Workshop on next-generation hardware for high-performance computing (NG-HPC 2018)

Next-gen hardware for performance and energy efficiency

Part of the Marionet UK Many-core Research Network


The program for this one day workshop is based on invited talks and there is no office call for papers or proceedings. We hope to be able to put the presentations online after the event as long as the speakers are happy with this. The program is ready but if you would like to contribute to it, please, let us know your ideas at


9:00 Welcome. Jose Nunez-Yanez. Bristol

9:15 Processing for Machine Intelligence. Carlo Luschi. Director of Research. Graphcore.

This talk will introduce the IPU (Intelligence Processing Unit), Graphcore’s ground-breaking processor based on massively parallel computing resources and large amounts of on-chip memory, with synchronised execution within an IPU or across multiple IPUs. The IPU architecture provides an unprecedented boost of training and inference performance over a wide range of machine learning algorithms. This is realized also by the adoption of efficient numerical representation and through algorithmic innovation, that allows to hold very complex models entirely on chip.

10-10:30 coffee

10:30 Inside Isambard — the World’s First Production ARM Supercomputer.

The Isambard Project, a GW4 Alliance initiative, recently disclosed the latest results from its benchmarking of Arm-based processors for HPC, the first such results for dual socket Cavium ThunderX2 nodes. This talk will discuss the result presented at the Cray User Group (CUG) Conference in Stockholm on May 23, 2018, detailing the performance comparison between Cavium™ ThunderX2® Arm®-based CPUs and the latest state-of-the-art Intel Skylake x86 processors. Results focused on the HPC codes that are most heavily used on the UK’s national supercomputer, ARCHER, and showed that for these kinds of workloads, ThunderX2 is competitive with the best x86 CPUs available today, but with a significant cost advantage.

11:15 It's not about the core, it’s about the system.

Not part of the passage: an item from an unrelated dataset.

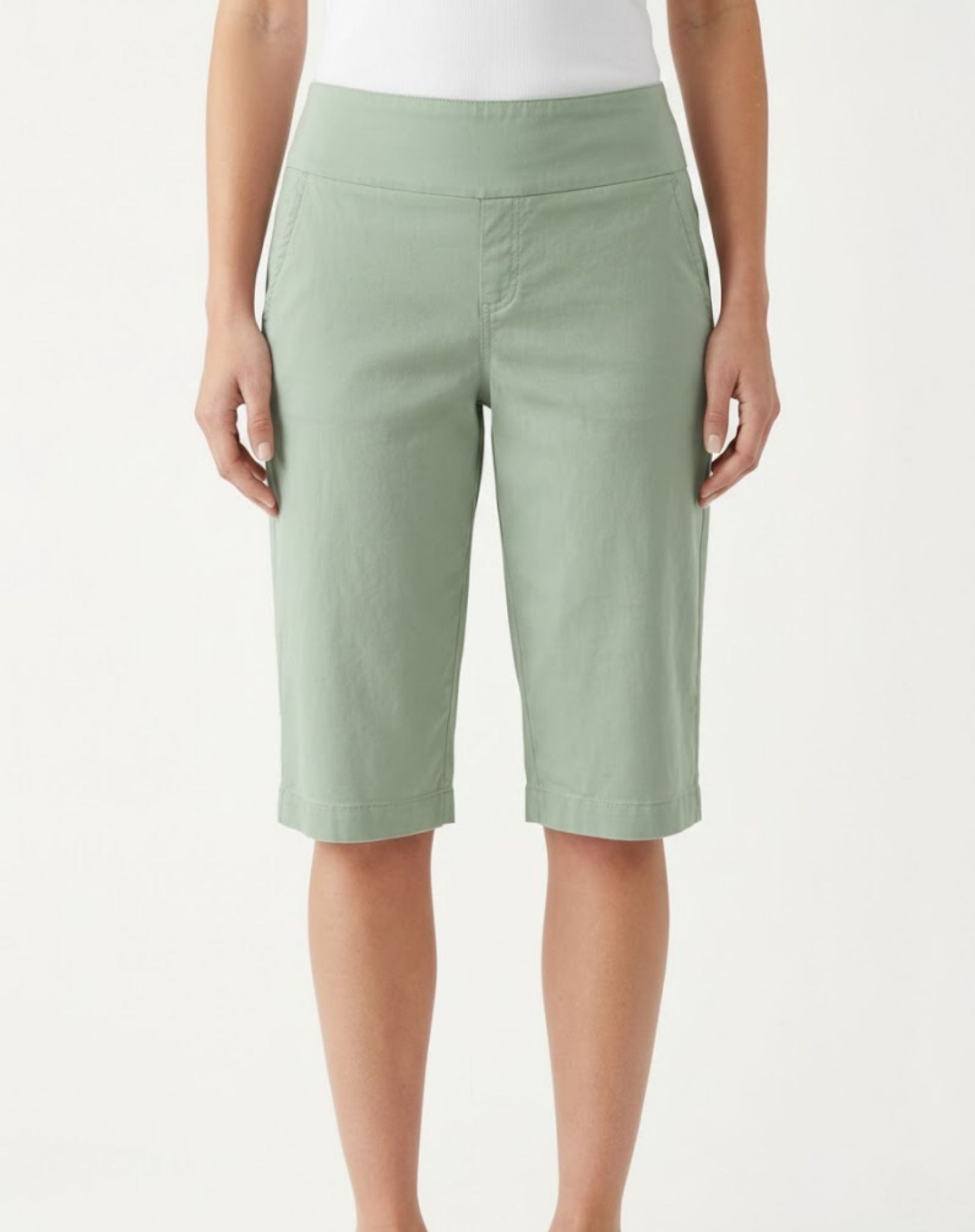 Soft Fern Essential Stretch Knee-Length Shorts Corfu Jeans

Gajinder Panesar. CTO at UltraSoC

This talk will discuss UltraSoC’s semiconductor IP puts an intelligent analytics infrastructure into the hardware of an SoC, providing intimate visibility of real-world system behavior. that puts intelligent self-analytic capabilities in the SoCs at the heart of today’s consumer electronic, computing and communications products. UltraSoC embedded analytics technology helps solve pressing problems including cybersecurity, functional safety, and the management of complexity. UltraSoC solutions also allow designers to develop SoCs more quickly and cost-effectively. Benefits include robustness against malicious intrusions; enhanced product safety; reduced system power consumption; and better performance – with fine-tuning of end products even after they are deployed in the field.

12:00-13:00 lunch

13:00 Accelerating Machine Learning Using Intel FPGAs. Jahanzeb Ahmad. Vision Design Engineer at Intel Corporation

This talk willl discuss how Intel® FPGAs provide flexibility for artificial intelligence (AI) system architects searching for competitive deep learning accelerators that also support differentiating customization. The ability to tune the underlying hardware architecture, including variable data precision, and software-defined processing allows the FPGA to deploy state-of-the-art innovations as they emerge. Underlying application use include in-line image and data processing, front-end signal processing, network ingest, and I/O aggregation. The Intel® FPGA Deep Learning Acceleration Suite accesses Intel FPGAs for real-time AI by enabling a complete top-to-bottom customizable AI inference solution.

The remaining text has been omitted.